FAKİR BAYKURT - KAPLUMBAĞALAR

MERHABALAR KİTAPLARIM OLMADAN ASLA BLOGU TAKİPÇİLERİ…


“KAPLUMBAĞALAR”, benim üniversite yıllarında okuduğum, Köy Enstitülerini anlatan romanı “YILANLARIN ÖCÜ” romanından sonra okuduğum ikinci Fakir Baykurt romanı.

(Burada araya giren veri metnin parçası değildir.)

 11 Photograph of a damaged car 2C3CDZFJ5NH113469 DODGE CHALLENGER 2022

Köy romanı dendiğinde Türk Edebiyatı’nda ilk gelen isimlerden sayılan Fakir Baykurt bizleri kaplumbağaların önderliğinde ; Anadolu bozkırına götürüyor. Roman için seçilen mekân Ankara’ya 100 km uzaklıktaki bir Alevi köyü Tozak. Fakir, kurak bir köy. Yazar harman kaldırma dönemi buğday hasadı ile başlıyor romana.


Romana başlamadan önce dört sayfalık Önsöz’den başlamak istiyorum. Yazarın “YILANLARIN ÖCÜ” romanının film gösterimi  sırasındaki anlatımından yola çıkarak romanın nasıl yazıldığı sorusunun cevabı niteliğinde olmuş yazı.

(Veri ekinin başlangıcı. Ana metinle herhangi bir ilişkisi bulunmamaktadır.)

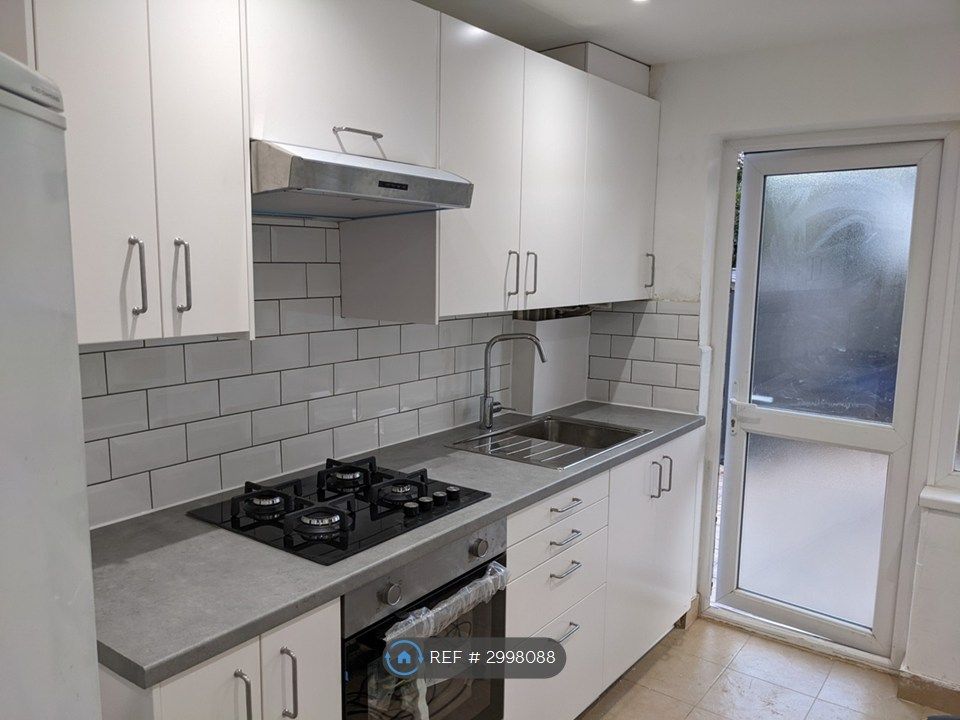 Property photo 2 of 10 Kitchen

“(...) Halkı selamlamak için perdenin önüne çıktığım zaman alkış, ıslık birbirine karıştı. (...) Birkaç saniye sonra, kıran kırana bir dövüş başladı. Başkentli seyirciler kravat kravata geldi. Hınçla, istekle vuruşuyorlar. (...) Birtakım sersemler gerçeği tekmeyle, yumrukla örteceğini sanıyor. (...) Getirdiğim öykünün kendilerine batan yerleri vardı tabii. (...)kafamdaki romanı yazdığım zaman ne yapacaklar acaba?”

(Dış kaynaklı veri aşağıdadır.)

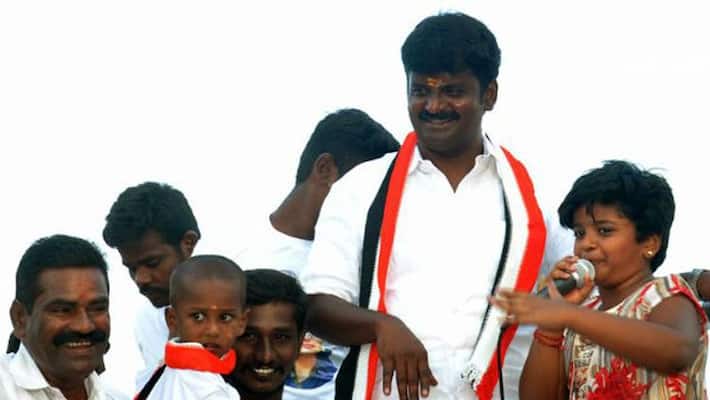 Dizzy dizzy... I carry the volume like Jesus... Vijayabaskar who melts..! Dizzy dizzy... I carry the volume like Jesus... Vijayabaskar who melts..!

 “Bu roman,her türlü teknik ve elektronik araçların büyük gelişmeler gösterdiği ve üretkenliği alabildiğin arttığı bu dünyada,yiyeceği yıllık zahireyi,yanıp kül olmuş topraklardan parmaklarıyla toplamaya çalışan ve varlığını sürdürebilmek için istekle üreten Türk köylüsünün hayatından kesittir.”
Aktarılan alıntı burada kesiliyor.